The BLS followed these reports with unwelcome news on another front. On September 11, the BLS reported that the Consumer Price Index (CPI) rose 0.4% in August, or 2.9% over the past 12 months. Core CPI, which excludes the volatile categories of food and energy, rose 0.3% in August and 3.1% over the past 12 months.
These numbers are well above the Federal Reserve’s target inflation rate of 2% and — what’s worse — are trending in the wrong direction. After a gradual climb-down from the historic highs in 2021 and 2022, inflation rates have hovered around or just below 3%. The rates hit a low point in April 2025 (with CPI at an annual 2.3% and core CPI at an annual 2.8%), but they have climbed back up since then.
The prospect of rising inflation, combined with rising unemployment (or at least stagnant employment), has raised fears of a return to the stagflation conditions of the 1970s. For now, those fears remain a distant possibility, as both measures of economic health are nearer to the targets than to the numbers America reached during the disastrous decade of malaise.

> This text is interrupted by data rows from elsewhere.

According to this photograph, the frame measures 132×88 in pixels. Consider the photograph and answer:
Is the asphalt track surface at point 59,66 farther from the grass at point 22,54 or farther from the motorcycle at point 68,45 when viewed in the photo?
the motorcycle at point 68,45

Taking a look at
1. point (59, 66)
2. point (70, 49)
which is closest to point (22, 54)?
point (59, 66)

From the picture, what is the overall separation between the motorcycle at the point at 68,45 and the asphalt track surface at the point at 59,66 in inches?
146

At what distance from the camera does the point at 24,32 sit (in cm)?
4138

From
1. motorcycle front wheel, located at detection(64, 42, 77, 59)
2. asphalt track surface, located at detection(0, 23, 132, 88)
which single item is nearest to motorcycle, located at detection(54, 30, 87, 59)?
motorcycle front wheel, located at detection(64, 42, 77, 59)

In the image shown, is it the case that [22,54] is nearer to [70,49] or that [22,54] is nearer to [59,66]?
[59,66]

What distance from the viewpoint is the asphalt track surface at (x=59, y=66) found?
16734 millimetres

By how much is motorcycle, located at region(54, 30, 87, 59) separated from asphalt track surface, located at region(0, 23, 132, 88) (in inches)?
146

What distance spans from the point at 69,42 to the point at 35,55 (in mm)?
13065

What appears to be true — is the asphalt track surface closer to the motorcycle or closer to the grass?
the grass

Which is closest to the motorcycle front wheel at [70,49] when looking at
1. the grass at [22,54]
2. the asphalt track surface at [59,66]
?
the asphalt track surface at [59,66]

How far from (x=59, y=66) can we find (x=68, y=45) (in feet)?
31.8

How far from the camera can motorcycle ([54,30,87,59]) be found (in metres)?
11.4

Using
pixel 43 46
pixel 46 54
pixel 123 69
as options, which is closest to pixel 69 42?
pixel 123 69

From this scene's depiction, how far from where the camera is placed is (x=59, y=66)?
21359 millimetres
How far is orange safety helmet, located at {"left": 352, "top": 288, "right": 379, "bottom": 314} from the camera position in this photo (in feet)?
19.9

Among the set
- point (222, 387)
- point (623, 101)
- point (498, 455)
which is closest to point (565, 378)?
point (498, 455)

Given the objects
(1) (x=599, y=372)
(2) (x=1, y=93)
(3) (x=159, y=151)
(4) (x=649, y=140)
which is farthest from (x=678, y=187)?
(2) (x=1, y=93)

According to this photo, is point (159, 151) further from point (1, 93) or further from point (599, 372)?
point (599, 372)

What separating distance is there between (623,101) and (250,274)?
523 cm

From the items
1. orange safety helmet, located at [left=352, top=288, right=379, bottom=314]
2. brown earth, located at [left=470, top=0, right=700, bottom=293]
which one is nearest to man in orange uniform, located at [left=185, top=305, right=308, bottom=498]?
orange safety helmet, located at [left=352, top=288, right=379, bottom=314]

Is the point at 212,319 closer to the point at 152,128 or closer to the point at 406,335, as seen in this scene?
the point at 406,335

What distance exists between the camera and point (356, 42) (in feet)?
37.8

Still, the August inflation report offers little comfort from a careful study. Some of the categories where prices rose the highest include “food at home [groceries]” (0.6% in August alone) and gasoline (1.9%) in August. Housing (0.4%), clothing (0.5%), and vehicle repair (5.0%!) also rose. But as long as you do need any of those things to live, you’ll be fine.
Some of these rising prices are due to the residual effects of tariffs. “Tariffs aren’t being passed onto consumer prices all at once,” said Wells Fargo economist Sarah House. “But if you look at the overall trend, you’re still seeing goods prices go up.”

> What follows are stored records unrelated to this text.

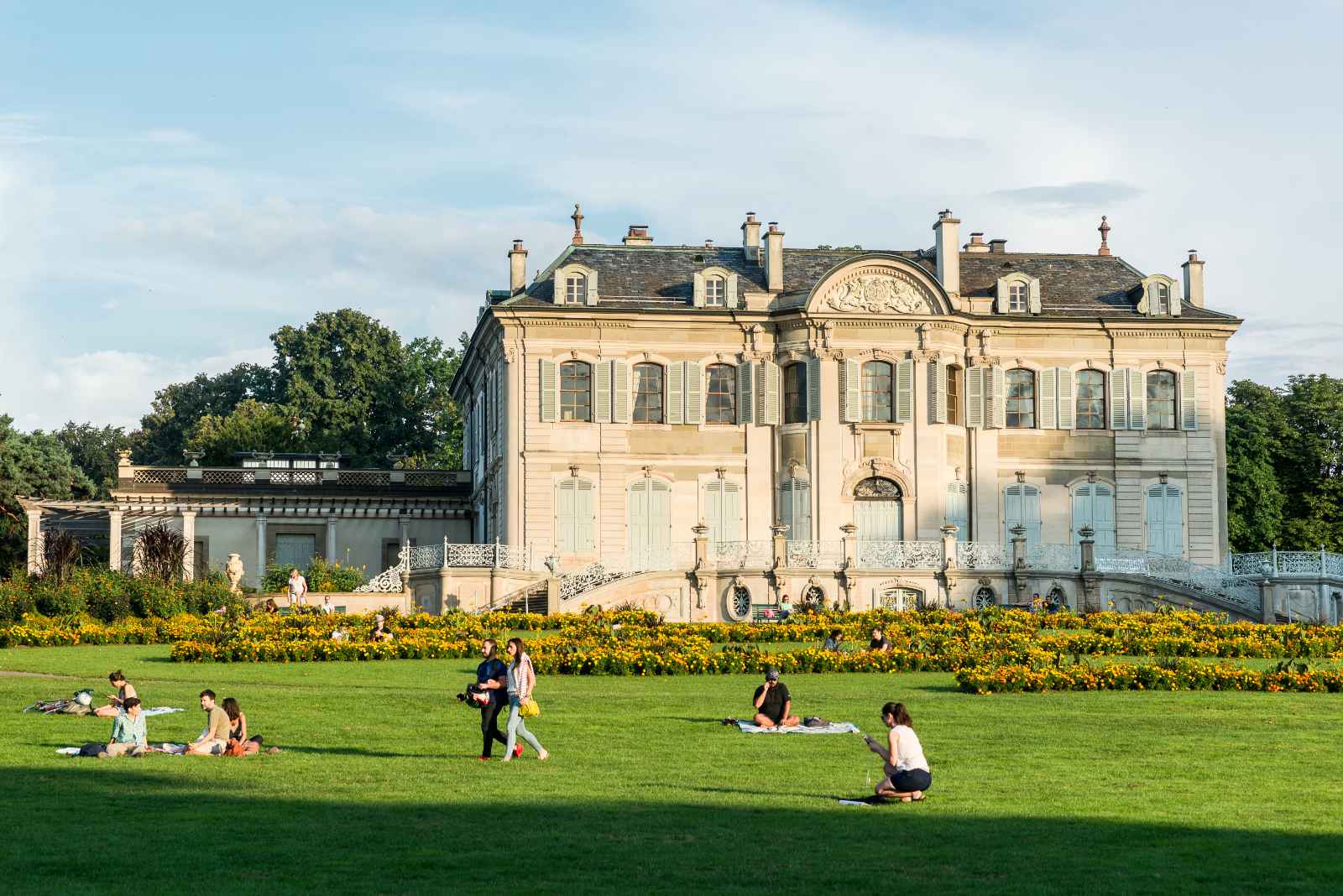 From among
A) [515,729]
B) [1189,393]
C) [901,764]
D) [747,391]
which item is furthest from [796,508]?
[901,764]

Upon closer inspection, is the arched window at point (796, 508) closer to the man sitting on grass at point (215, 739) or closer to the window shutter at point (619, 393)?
the window shutter at point (619, 393)

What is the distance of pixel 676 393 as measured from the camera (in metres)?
54.1

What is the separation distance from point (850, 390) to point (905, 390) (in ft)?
4.95

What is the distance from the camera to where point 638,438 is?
5384 cm

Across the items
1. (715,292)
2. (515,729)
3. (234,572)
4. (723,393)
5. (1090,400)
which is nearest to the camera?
(515,729)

“Businesses report that they’ve run through inventory they stockpiled before Mr. Trump’s tariff barrage and are starting to pass on their higher costs to customers,” argue The Wall Street Journal editors. “Auto-repair shops are getting whacked by Mr. Trump’s 25% tariff on parts and 50% on steel and aluminum.”
Much less convincingly, they also blame President Trump’s efforts to deport illegal immigrants for driving up prices in agriculture, construction, and hospitality.
Another silent cause of inflation is federal deficit spending. This goes to the root of inflation as a monetary phenomenon where too many dollars are chasing too few goods. If the government stops spending money it doesn’t have, it will clamp down on inflation in a heartbeat. Unfortunately, this summer, some Republican senators looked at the $37 trillion hole (or rather, $158 trillion hole) America is in and chose to keep digging it deeper.
Whatever the economic causes, the reality is that inflation has reared its ugly head at a most opportune time. Will the Fed really lower interest rates while inflation is climbing? The WSJ editors believe the inflation report makes it a “more difficult” decision but still conjectures that “a 25 basis-point cut is probably in the bag.”
Thus, Trump will likely get what he wants from the Fed, but not under the conditions he had hoped. Trump spent months cajoling the Fed — even firing, or trying to fire, Federal Reserve Board Member Lisa Cook — into opening the throttle to the American economy to “let ‘er rip.” Now the Fed does indeed look poised to step on the gas — but only to run away from the storm.
Joshua Arnold is a senior writer at The Washington Stand.